From the records below, set down exactly the lines starting with the line that contains "1872 25C PR61" and going on through the line that contains "Shopping Mall Interior View". Nothing else is wanted.

*Records for the task:*
"""
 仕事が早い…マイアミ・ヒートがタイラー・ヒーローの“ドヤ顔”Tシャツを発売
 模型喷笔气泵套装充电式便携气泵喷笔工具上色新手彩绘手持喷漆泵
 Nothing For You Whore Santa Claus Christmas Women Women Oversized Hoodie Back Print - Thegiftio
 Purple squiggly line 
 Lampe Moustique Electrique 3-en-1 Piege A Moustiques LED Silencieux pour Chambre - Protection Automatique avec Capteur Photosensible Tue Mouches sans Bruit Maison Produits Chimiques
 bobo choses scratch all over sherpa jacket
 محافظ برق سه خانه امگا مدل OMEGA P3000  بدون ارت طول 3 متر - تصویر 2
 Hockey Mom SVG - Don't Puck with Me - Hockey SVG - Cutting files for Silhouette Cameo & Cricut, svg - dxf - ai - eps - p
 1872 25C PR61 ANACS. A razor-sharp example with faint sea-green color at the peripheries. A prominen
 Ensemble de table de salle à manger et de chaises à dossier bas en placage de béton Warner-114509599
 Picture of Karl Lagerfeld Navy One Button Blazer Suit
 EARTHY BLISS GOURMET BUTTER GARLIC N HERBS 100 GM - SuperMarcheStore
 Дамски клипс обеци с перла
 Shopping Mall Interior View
"""
"""
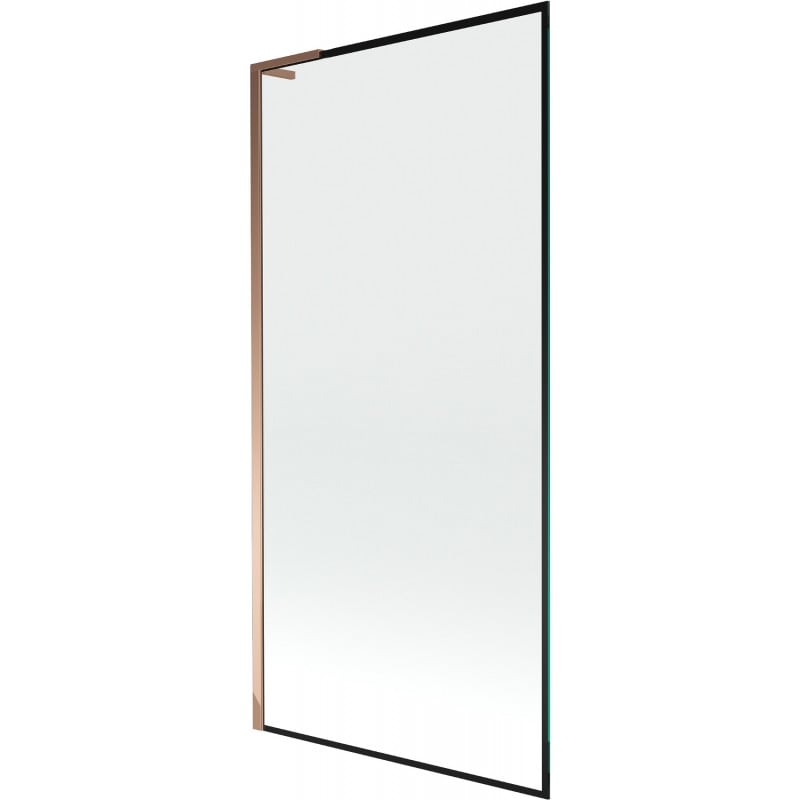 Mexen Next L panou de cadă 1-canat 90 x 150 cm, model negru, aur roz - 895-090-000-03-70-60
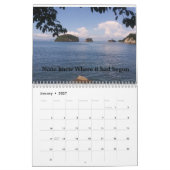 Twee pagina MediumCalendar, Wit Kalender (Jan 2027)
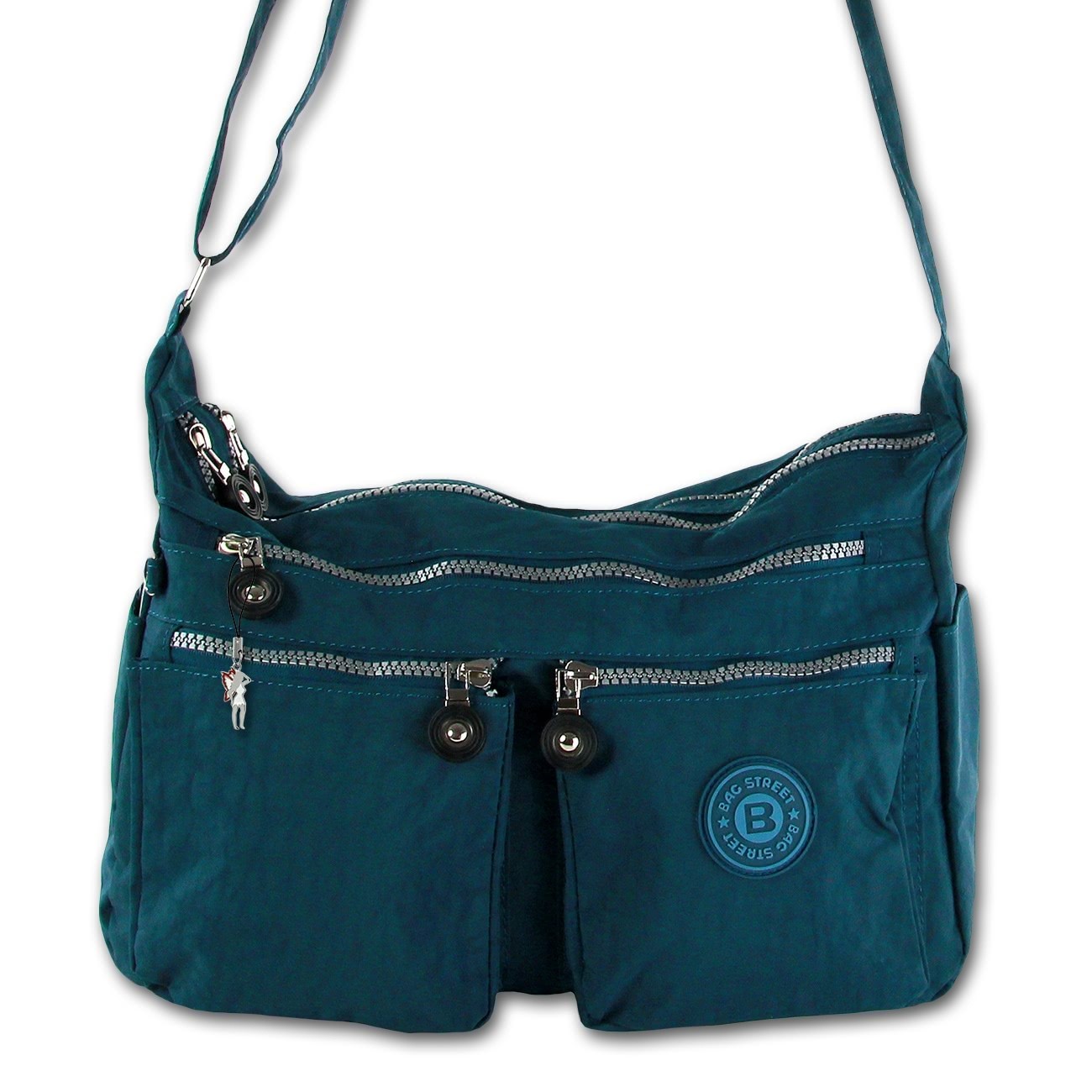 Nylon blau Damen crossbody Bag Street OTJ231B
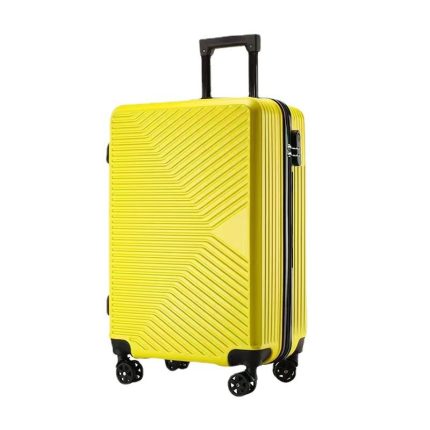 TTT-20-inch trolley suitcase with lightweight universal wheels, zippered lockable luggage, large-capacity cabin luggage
"""
"""
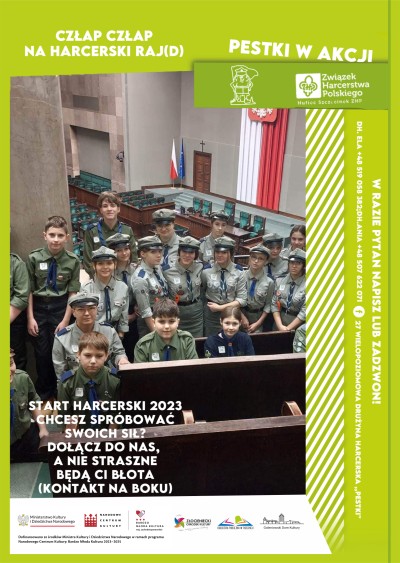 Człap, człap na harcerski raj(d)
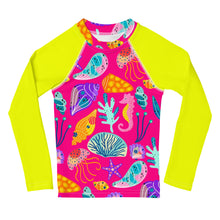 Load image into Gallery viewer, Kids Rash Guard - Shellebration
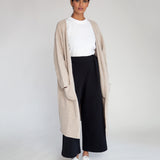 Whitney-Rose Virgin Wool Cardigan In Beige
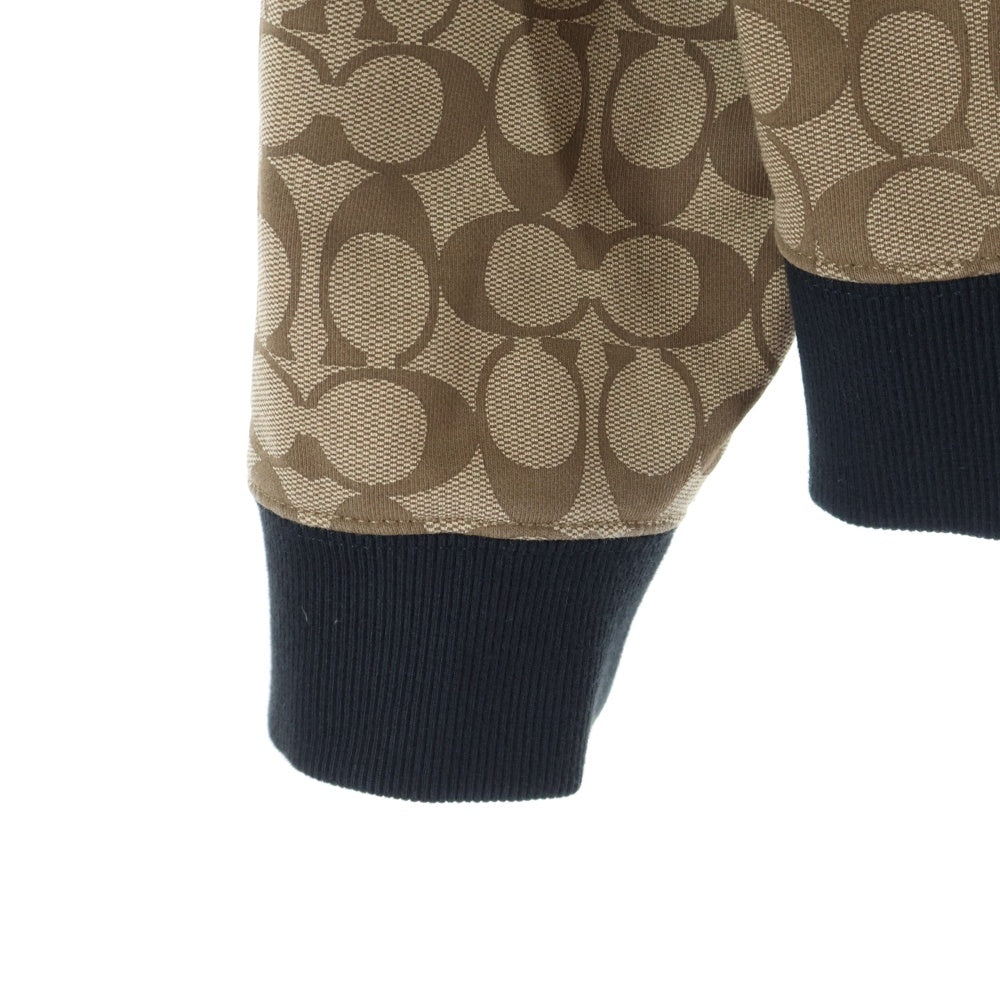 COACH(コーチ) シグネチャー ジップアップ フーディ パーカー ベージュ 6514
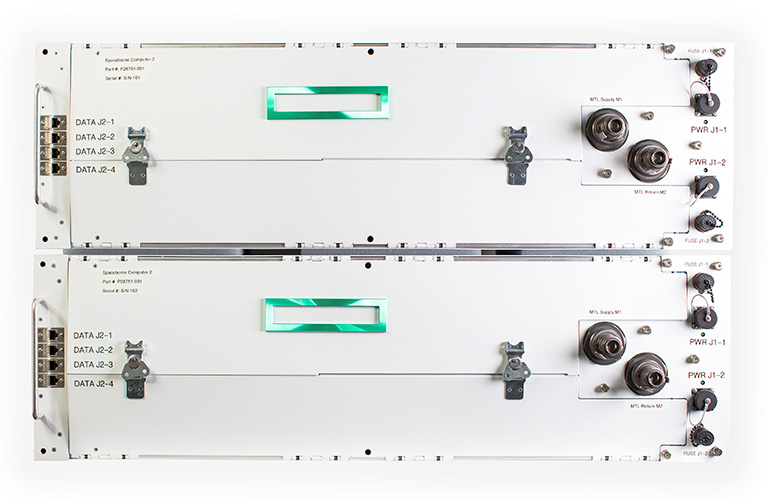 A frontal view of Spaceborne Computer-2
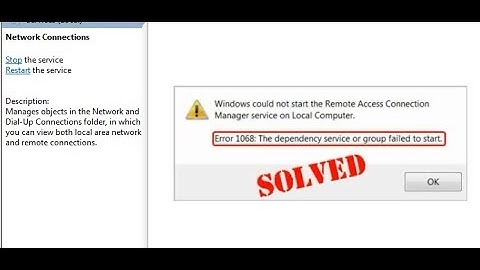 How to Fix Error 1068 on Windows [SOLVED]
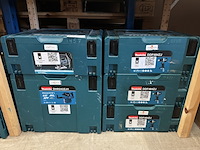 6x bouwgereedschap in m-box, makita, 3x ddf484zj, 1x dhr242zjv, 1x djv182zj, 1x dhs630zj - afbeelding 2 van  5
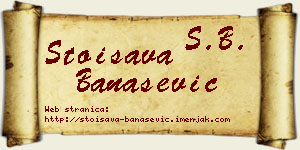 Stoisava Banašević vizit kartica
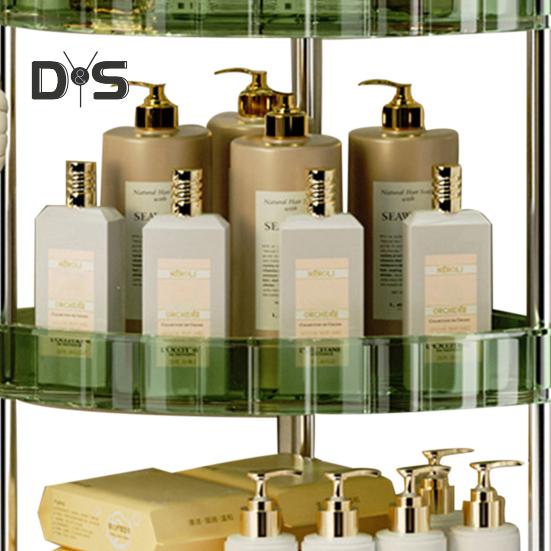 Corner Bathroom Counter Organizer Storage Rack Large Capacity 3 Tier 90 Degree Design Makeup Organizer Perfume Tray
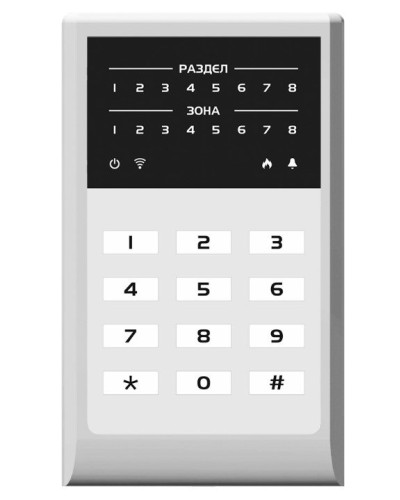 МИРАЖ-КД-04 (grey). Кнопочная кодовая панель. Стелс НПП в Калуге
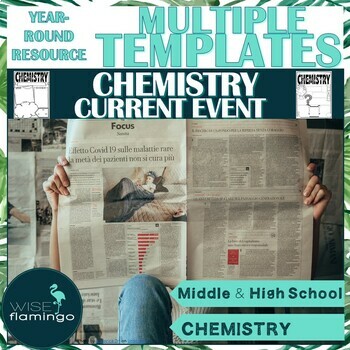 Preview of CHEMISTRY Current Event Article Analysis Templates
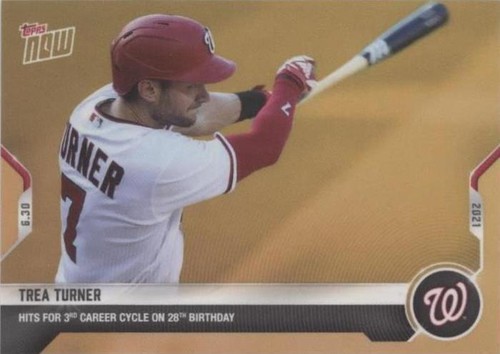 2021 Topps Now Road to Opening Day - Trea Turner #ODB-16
"""
*Task output:*
 1872 25C PR61 ANACS. A razor-sharp example with faint sea-green color at the peripheries. A prominen
 Ensemble de table de salle à manger et de chaises à dossier bas en placage de béton Warner-114509599
 Picture of Karl Lagerfeld Navy One Button Blazer Suit
 EARTHY BLISS GOURMET BUTTER GARLIC N HERBS 100 GM - SuperMarcheStore
 Дамски клипс обеци с перла
 Shopping Mall Interior View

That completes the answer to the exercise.